Revision history for this message
Stuart Bishop (stub) wrote : Impossible to cleanly remove a node from a cluster

For charms needing to manage a clustered service (such as MongoDB, Cassandra, Redis, Swift) it is impossible to safely destroy a unit. The departing node on the doomed unit must be decommissioned to avoid potential data loss and manual repair of the cluster. Unfortunately, juju provides no suitable hooks to do this. The peer relation-departed and relation-broken hooks are supposed to support this use case, but do not.
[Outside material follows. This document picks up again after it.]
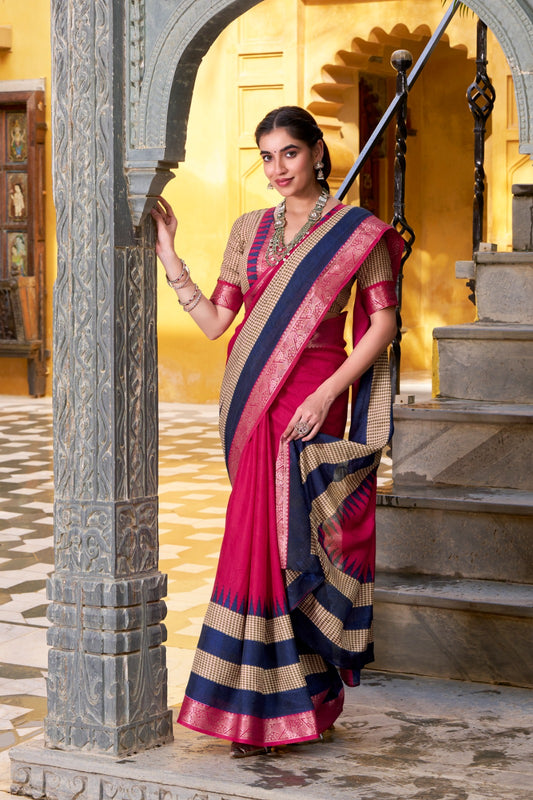 Pink poly cotton saree with blouse with price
The relation-departed hook cannot be used to decommission the departing node, because it is impossible to tell if the unit running the hook contains the doomed node or not. For example, in a 3 unit service (cassandra/0, cassandra/1, cassandra/2), if we drop unit 1 the following hooks are fired:

cassandra/0's peer relation-departed hook with $REMOTE_UNIT==cassandra/1
cassandra/1's peer relation-departed hook with $REMOTE_UNIT==cassandra/0
cassandra/1's peer relation-departed hook with $REMOTE_UNIT==cassandra/2
cassandra/2's peer relation-departed hook with $REMOTE_UNIT==cassandra/1

When any of these hooks are run, there is not enough context to tell if it is the local unit or $REMOTE_UNIT that is the unit being destroyed. The hooks cannot tell which node needs to be decommissioned and safely removed from the cluster.

The relation-broken hook cannot be used to decommission the departing node either, as it is run after the relation-departed hooks. The relation-departed hooks are responsible for revoking access from departing units, so the relation-broken hook cannot safely remove its node from the cluster as by this point the rest of the cluster is refusing to talk to it.

Without new features, I think charm authors are forced to use one of the following work arounds:
   - Require the operator to manually decomission nodes before dropping a unit
   - Require the operator to manually repair the cluster after dropping a unit
   - Keep access open to departing units indefinitely and decommission the node in relation-broken, rather than have relation-departed keep the cluster secure.

For a fix, I think we require a new hook that is run on the departing unit before the relation-departed hooks are fired. Because relation-departed is the only point units can revoke access from the doomed unit, decommissioning must happen before then. If decommissioning is attempted in relation-departed or relation-broken, access rights will likely have already been removed by some or all of the remaining units.